- [Work item]: Find the line that holds "What Ramaimpexinc.com website", then repeat it and each line below it word for word through the end of the listing, leaving out pictures.

- [Collected data]:
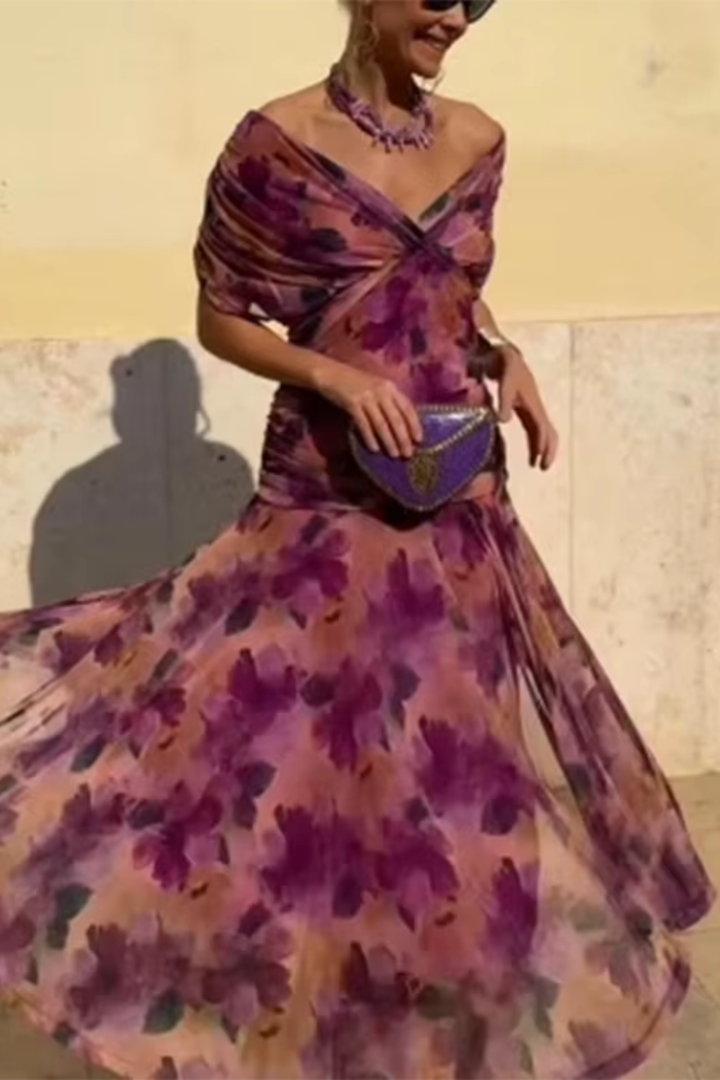 Hendrika | Robe de soirée corail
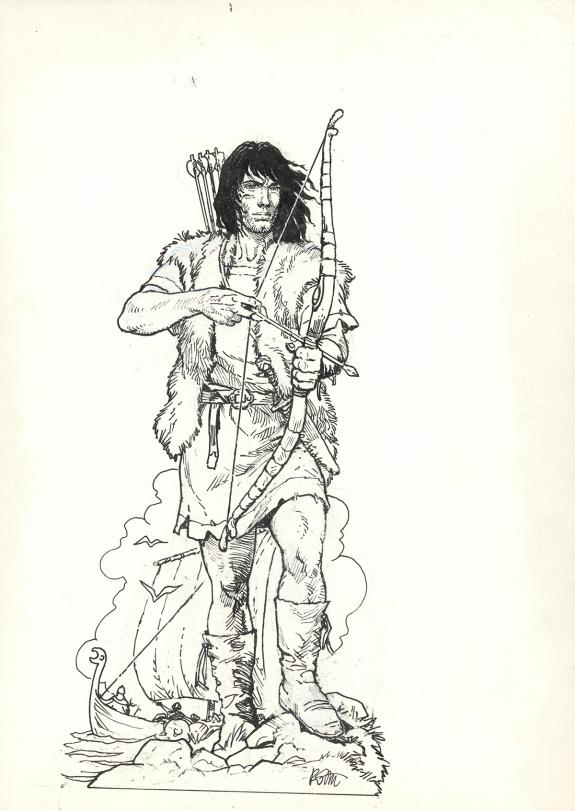 Grzegorz Rosinski - Thorgal, Illustration originale r&eacute;alis&eacute;e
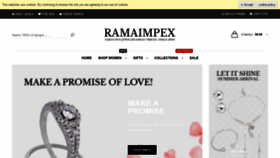 What Ramaimpexinc.com website looked like in 2019 (4 years ago)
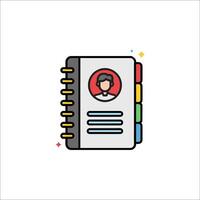 A notebook with a person's face on it vector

- [Task solution]:
 What Ramaimpexinc.com website looked like in 2019 (4 years ago)
 A notebook with a person's face on it vector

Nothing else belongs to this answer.